__Problem to work on__
A faithful, picture-free copy of the listing below is required.

*** Provided records

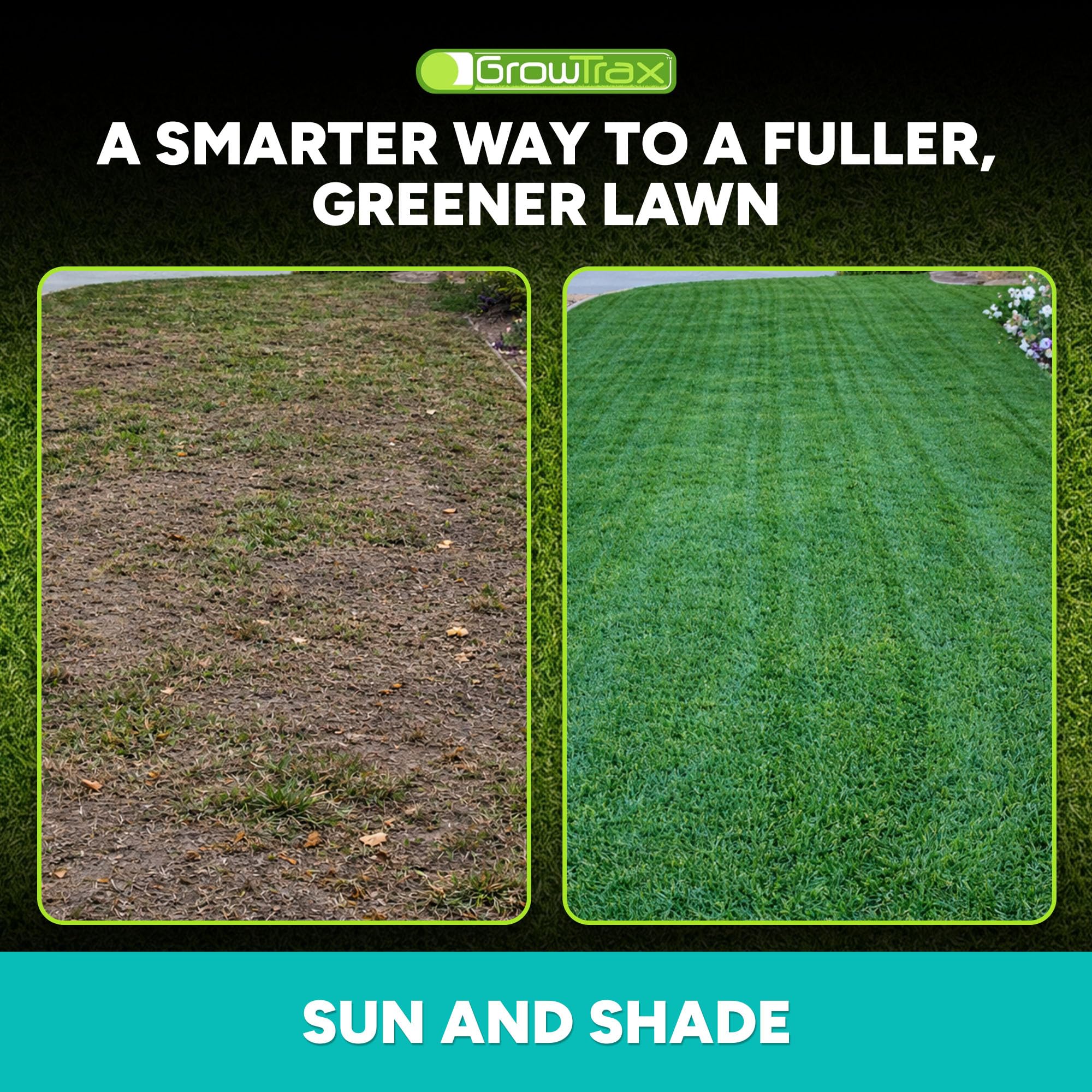 Growtrax Tapete biodegradable para semillas de hierba, 100 pies cuadrados, color verde | Semilla de césped para césped, parches de perro y sombra, solo riega y cultiva, sin césped artificial o artificial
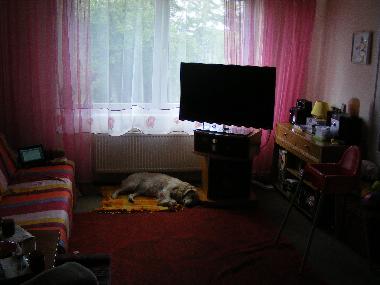 Ferienwohnung in Insko (Zachodniopomorskie) oder Ferienwohnung oder Ferienhaus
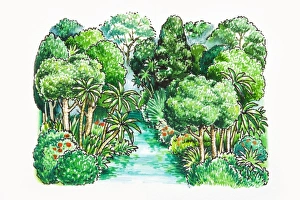 Illustration of of river in tropical rainforest Illustration of of river in tropical rainforest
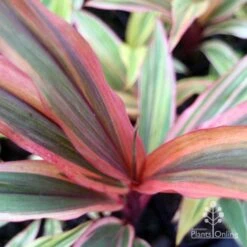 Cordyline Fruticosa Early Morning Diamond -Plant Sale Store emd top view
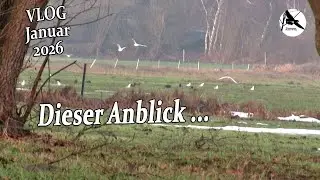Es kehrt wieder Normalität ein / Nature, Crows & Wildlife Vlog Januar 2026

******

__Exercise output__
 Growtrax Tapete biodegradable para semillas de hierba, 100 pies cuadrados, color verde | Semilla de césped para césped, parches de perro y sombra, solo riega y cultiva, sin césped artificial o artificial
 Ferienwohnung in Insko (Zachodniopomorskie) oder Ferienwohnung oder Ferienhaus
 Illustration of of river in tropical rainforest Illustration of of river in tropical rainforest
 Cordyline Fruticosa Early Morning Diamond -Plant Sale Store emd top view
Es kehrt wieder Normalität ein / Nature, Crows & Wildlife Vlog Januar 2026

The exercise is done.